E tem um outro detalhe que, aos olhos da sociedade da república, é não mais que isso: um detalhe. E ele tem um nome: Luiz, o personagem de Esdras Saturnino e sétimo morador da casa. E por uma opção do Roteirista e Diretor, ele tem apenas isso: um nome. Não tem um rosto. Dói. É difícil de ver. É o espelho de tempos sombrios.

Mas tudo corre bem. Há uma festa na república. Mais máscaras – que não sobreviverão a um crime que acontece nessa noite, em um cômodo pequeno, sufocante, claustrofóbico. Mas com espaço suficiente para que a história toda recomece.

Não pense que dei spoilers aqui, isso é só o começo de um emaranhado que a mente de Borelli cria para ir revelando aos poucos o que, quase sempre, preferimos deixar na escuridão. Poderíamos assistir como quem vê um filme se Stephen King, com um distanciamento brechtiniano da história, mas é impossível. Estamos todos dentro da república. Somos parte dessa História, explicando a afirmação lá de cima.

É preciso coragem. Para ver. Para comentar. E não por conta da violência milimetricamente desenhada ou de se descobrir parecido com um daqueles moradores, mas porque vivemos tudo aquilo – como Clarice, onde respinga a ação de todos os personagens.

Há participações especiais de atores queridos como Chico Neto, entre outros, – que fez “Quase Livres” com o diretor – e a participação mais que especial de Dan Stulbach, como o dono da coisa toda. Seu personagem, Messias, canaliza toda a hipocrisia da casa em momentos de um terror ao estilo Dario Argento.

Mas não é isso que mais me incomoda no Messias. Durante todo o filme, um quadro com sua foto está na sala, sobre a lareira falsa da república, como a espreitar cada momento que acontece entre aquelas paredes.

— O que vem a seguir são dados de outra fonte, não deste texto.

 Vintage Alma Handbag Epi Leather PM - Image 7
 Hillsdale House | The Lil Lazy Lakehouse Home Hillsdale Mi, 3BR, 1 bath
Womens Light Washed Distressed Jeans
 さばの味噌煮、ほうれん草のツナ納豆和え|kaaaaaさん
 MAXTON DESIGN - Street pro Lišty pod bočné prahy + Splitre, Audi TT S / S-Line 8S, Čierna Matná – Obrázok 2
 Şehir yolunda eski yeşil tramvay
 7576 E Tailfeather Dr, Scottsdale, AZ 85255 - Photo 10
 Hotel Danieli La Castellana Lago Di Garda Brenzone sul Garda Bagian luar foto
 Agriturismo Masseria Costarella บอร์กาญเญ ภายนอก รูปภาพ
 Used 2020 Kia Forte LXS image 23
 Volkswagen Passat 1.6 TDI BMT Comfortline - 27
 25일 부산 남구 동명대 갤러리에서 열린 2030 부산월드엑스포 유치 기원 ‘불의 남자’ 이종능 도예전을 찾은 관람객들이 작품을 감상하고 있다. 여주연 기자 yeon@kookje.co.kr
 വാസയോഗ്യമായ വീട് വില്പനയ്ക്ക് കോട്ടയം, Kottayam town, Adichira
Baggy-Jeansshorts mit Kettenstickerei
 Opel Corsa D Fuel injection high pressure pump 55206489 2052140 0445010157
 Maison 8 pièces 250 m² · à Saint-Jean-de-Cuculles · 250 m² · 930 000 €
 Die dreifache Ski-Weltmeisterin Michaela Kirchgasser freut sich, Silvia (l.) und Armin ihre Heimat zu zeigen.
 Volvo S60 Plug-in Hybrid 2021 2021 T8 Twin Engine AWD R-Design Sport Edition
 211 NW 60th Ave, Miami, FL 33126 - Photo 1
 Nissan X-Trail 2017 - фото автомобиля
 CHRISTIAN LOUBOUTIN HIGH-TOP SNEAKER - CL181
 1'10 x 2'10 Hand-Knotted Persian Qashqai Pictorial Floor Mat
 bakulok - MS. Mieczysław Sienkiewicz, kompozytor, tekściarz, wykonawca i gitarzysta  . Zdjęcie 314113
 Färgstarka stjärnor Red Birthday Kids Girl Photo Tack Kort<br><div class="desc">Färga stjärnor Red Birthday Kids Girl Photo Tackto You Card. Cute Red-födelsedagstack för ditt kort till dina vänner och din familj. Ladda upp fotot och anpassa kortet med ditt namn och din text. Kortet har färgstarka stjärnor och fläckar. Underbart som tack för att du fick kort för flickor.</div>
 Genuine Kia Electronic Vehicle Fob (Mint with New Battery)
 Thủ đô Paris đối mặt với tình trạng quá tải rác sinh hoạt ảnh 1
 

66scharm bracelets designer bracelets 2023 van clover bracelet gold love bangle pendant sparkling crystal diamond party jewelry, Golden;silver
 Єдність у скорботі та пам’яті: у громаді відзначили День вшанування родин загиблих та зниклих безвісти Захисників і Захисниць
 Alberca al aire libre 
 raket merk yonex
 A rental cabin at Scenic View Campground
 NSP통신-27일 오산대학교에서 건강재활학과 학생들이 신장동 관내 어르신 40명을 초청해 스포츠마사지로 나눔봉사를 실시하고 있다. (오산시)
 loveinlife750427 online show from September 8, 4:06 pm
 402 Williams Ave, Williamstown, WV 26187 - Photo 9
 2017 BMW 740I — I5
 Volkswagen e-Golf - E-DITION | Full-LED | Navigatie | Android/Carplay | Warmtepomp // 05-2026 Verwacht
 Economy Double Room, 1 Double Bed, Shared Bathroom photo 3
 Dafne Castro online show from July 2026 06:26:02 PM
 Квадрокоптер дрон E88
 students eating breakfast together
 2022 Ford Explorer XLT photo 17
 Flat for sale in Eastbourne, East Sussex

“Coisa Pública” teve uma pré-estreia dia 20 de setembro no emblemático Cine Bijou, em São Paulo – símbolo da resistência durante os anos de chumbo – e estreou dia 22 de setembro nos cinemas mais corajosos, como diz o trailer do filme.

E sobre meu trabalho ao lado de uma equipe maravilhosa, não vou fazer nenhuma análise, obviamente. Mas, vou quebrar o acordo proposto nos primeiros parágrafos e fazer um breve comentário.

Segundo as diretrizes sugeridas por André Borelli, desde as cores do filme até os objetos de cena, pensamos em um clima que remetesse aos anos 70, a uma época obscura para essa nossa República.

Então não será difícil você notar ali, por exemplo, um relógio antigo, que presenciou horas difíceis deste país, mas que ainda tem ponteiros precisos. Como a marcar o tempo para o pesadelo terminar, no filme mais necessário do ano.